Study design and setting

We conducted a cohort study in the Birhan field site, including 16 villages in Amhara Region, Ethiopia, covering a mid-year population of 77,766, to estimate morbidity and mortality outcomes among 17,108 women of reproductive age and 8,554 children under-five with house-to-house surveillance every three months. The field site is a platform for community and facility-based research and training that was established in 2018, with a focus on maternal and child health [17]. The site includes all health facilities in the catchment area—five public health centers, two public hospitals, and a private hospital. Nested in the site is an open pregnancy and birth cohort, the Birhan Cohort, that enrolls approximately 2,000 pregnant women and their newborns per year with rigorous longitudinal follow-up over the first two years of life and household data linked with health facility information [18]. The catchment area is rural and semi-urban, covers both highland and lowland areas, and includes two different districts, Angolela Tera, and Kewet/Shewa Robit.

We used data from the Birhan Health and Demographic Surveillance System (HDSS) and Birhan Cohort to estimate coverage of ANC-related indicators [17, 18]. The HDSS provides estimates and trends of health and demographic outcomes including morbidity among women of reproductive age and children under two years and births, deaths, marriages, migration in the entire population, and an active pregnancy screening every three months [17]. The pregnancy and birth cohort, generates evidence on pregnancy, birth, and child outcomes using clinical and epidemiological data at both the community and health facility level [18].

Study population

We used data of women enrolled and followed until delivery in the Birhan Cohort between December 2018 and April 2020. Women were enrolled in the cohort if they had a confirmed pregnancy through pregnancy surveillance as part of the HDSS and provided informed consent. We excluded participants with miscarriages (pregnancy losses <28 weeks) and implausible documented gestational ages at enrollment (≤0 weeks or ≥46 weeks) and/or delivery (<28 weeks or ≥46 weeks). Gestational age was estimated following a hierarchy adapted from the American College of Obstetricians and Gynecologists guidelines [19] and the Global Library of Women’s Medicine [20], using the best available method from ultrasound measurements, date of last menstrual period, fundal height, and maternal recall of gestational age in months. Specifically, ultrasound measurement was used if an ultrasound was done <16 weeks gestation; if ultrasound was only available after 16 weeks, then self-reported last menstrual period was used as long as there was only a limited discrepancy between the last menstrual period and the ultrasound estimates. If ultrasound estimates were not available at all, last menstrual period was used. If neither ultrasound or last menstrual period were available, then fundal height was used if available, or a maternal estimate reported in months if that was the only source of gestational age information [21].

Study outcomes

Data on ANC visits prior to enrollment were measured by self-report at enrollment. Data on ANC visits after enrollment were collected from facility charts by data collectors immediately after an ANC visit. In a subgroup of women, retrospective facility chart abstraction was done. We defined ANC coverage as the proportion of women enrolled in the Birhan Cohort who attended ANC visits during pregnancy. The primary study outcomes were the total number of ANC visits attended during pregnancy and the coverage of at least one, four, and eight ANC visits.

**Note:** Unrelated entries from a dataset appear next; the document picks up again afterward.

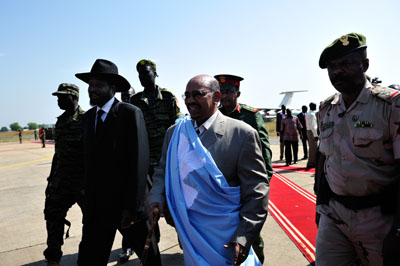 President Bashir and GOSS President Kiir walk side by side in Juba during Bashir's pre-referendum visit (Credit: Shannon Jensen)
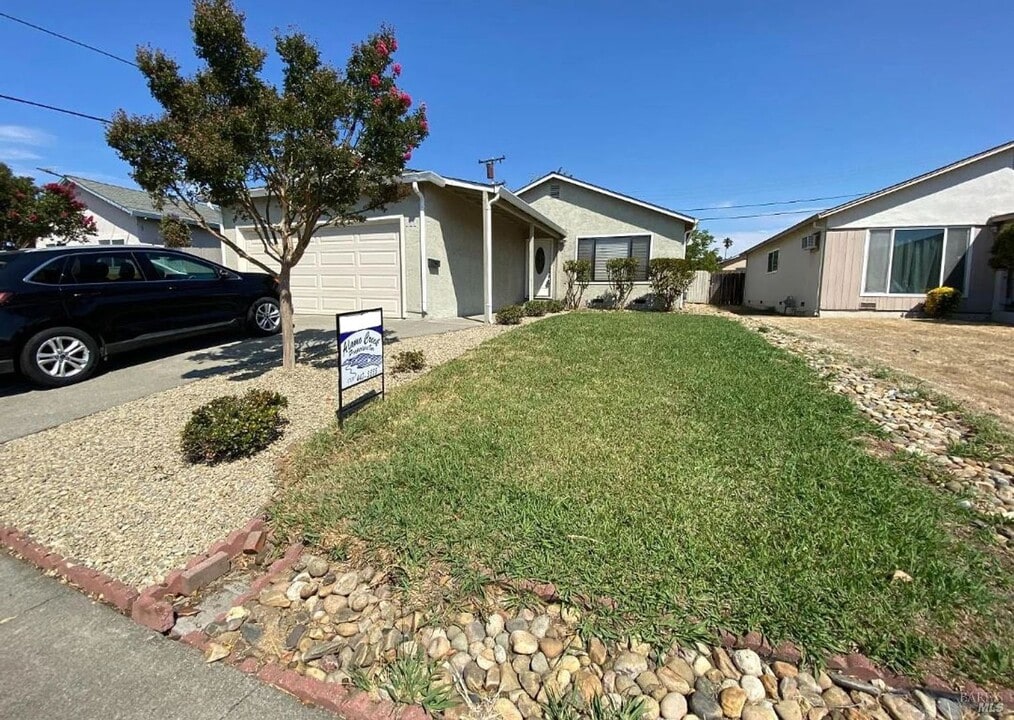 506 Nebraska St in Fairfield, CA - Building Photo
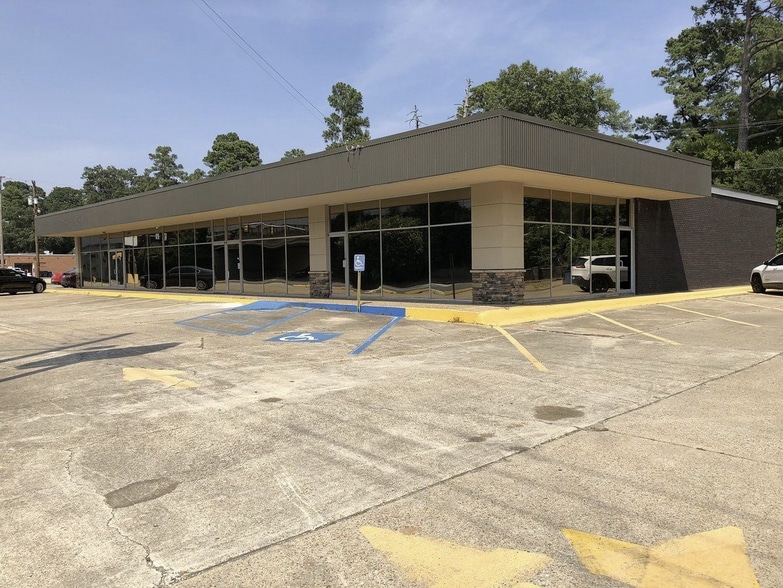 More Photos Of 3903-3919 Southern Ave, Shreveport Storefront Retail Office For Lease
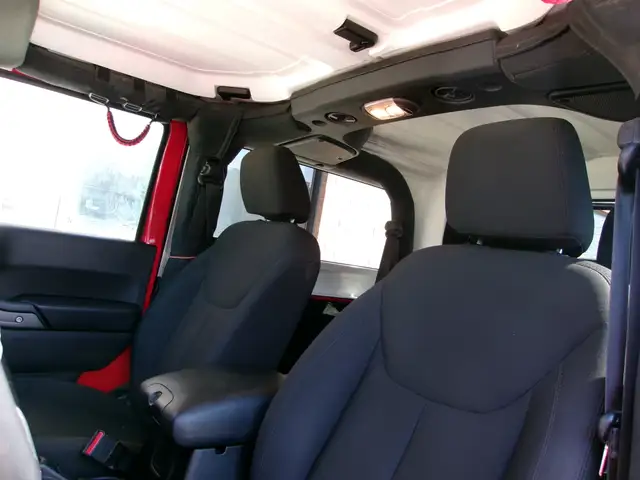 2016 Jeep Wrangler Sport CERTIFIED | 4X4 | 6-SPEED - Photo 9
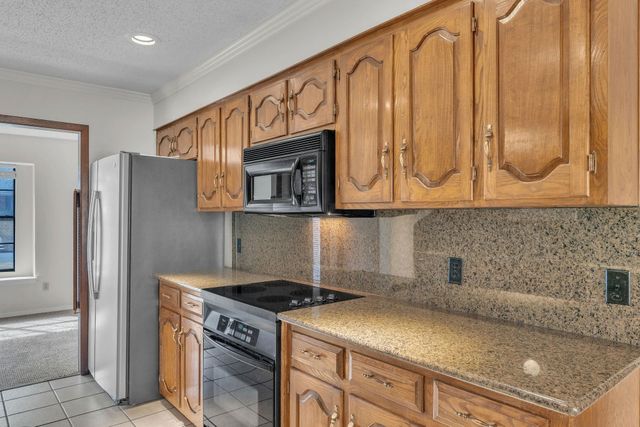 1101 COUSHATTA CT., Longview, TX 75605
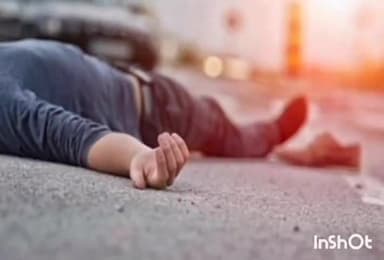 त्यूनी: अटाल पुलिया के पास पिकअप खाई में गिरने से चालक सहित दो घायल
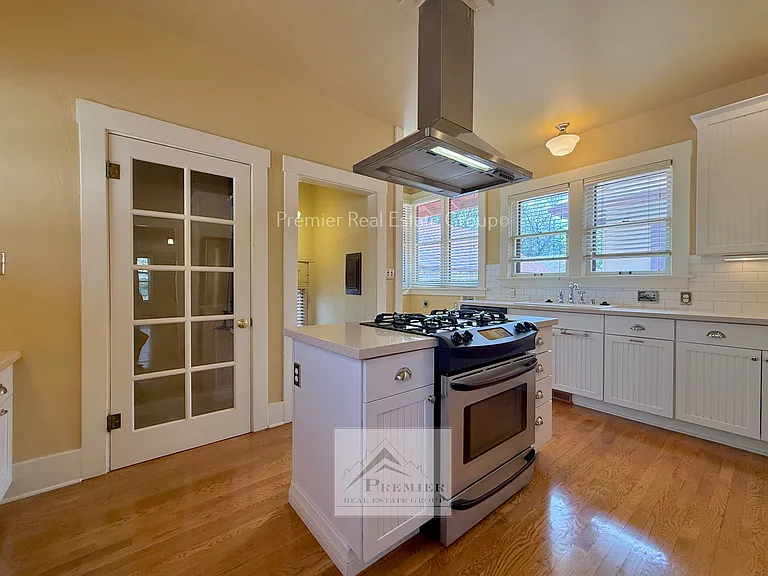 429 E San Rafael St — Photo 14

Secondary study outcomes included retention in care, defined as the continued engagement in facility ANC. We defined those secondary outcomes as the proportion of study participants in care at different gestational age times (ANC 1 window, <16 weeks; ANC 2 window, 16–<28 weeks; ANC 3 window, 28–<36 weeks; and ANC 4 window, ≥36 weeks) and the proportion of participants who were retained in ANC after each of those time windows.

Analysis

To estimate ANC coverage, we combined the number of visits that were prospectively recorded from enrollment with the number of self-reported visits at the time of enrollment. Since study participants were enrolled at different times during pregnancy, we estimated ANC coverage among the cohort of women who enrolled <13 weeks where most of the ANC visits were recorded prospectively to minimize recall bias. In addition, we also estimated ANC coverage for the entire population. For coverage outcomes, descriptive statistics were undertaken; frequencies, proportions, and Agresti-Coull 95% confidence intervals (CI) [22] were reported for dichotomous outcomes, while median and interquartile range (IQR) were used to report continuous outcomes.

We assessed the quality and reliability of self-reports by comparing the counts of self-reported visits at enrollment and the retrospectively collected visits from charts for a subset of participants. More details of this analysis can be found in the S1 File.

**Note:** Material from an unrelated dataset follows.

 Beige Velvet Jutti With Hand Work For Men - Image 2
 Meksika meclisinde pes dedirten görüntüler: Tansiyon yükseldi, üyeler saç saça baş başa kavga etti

To assess comparability between the study subsample (women enrolled <13 weeks) and the remaining cohort participants, we compared the socio-demographic characteristics and obstetric history of participants enrolled <13 weeks and ≥13 weeks of gestation using descriptive statistics and chi-squared tests, t-test, and Fisher exact tests. Further, women enrolled in the cohort at different gestation age weeks were compared in terms of access to ANC services during second and third trimesters using frequencies and proportions of attendance to at least one ANC visit at different time windows.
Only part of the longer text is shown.